Electric Potential Response Characteristics of Coal Under Stress Wave Loading

Monitoring the electric potential (EP) response induced by coal deformation and rupture is essential to the safety of underground engineering under extreme load and stress wave disturbance conditions. In this study, the split Hopkinson pressure bar and EP acquisition systems were utilized for EP testing of coal under stress waves. The EP response under stress waves was investigated, the changes in accumulated charge caused by each stage of stress wave loading were analyzed, and the mechanism of EP signal generation is discussed. The results show that under stress waves, coal produces a significant EP signal, and the EP fluctuations correspond well to each stage of the stress wave. The EP and stress wave signals have a strong linear relationship when the stress wave is rising.

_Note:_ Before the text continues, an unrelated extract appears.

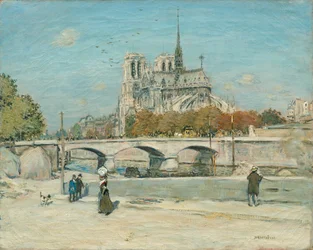 Notre-Dame vue du quai de la Tournelle, vers 1897-1902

During the descent of the stress wave, the EP decreases exponentially with time, showing a gradual decrease in the rate of EP decrease. The cumulative charge growth at each stage shows a "stable-surging-stable" change trend. Dislocation charged movement causes local polarization within the coal. Crack propagation leads to charge separation and free charge generation. These findings explain the mechanism of EP signal creation caused by stress waves. A mathematical model of the link between charge density and dynamic load stress is derived, indicating a strong positive correlation between the two parameters. The results of this research help to improve the reflection of coal seam stability through the EP response.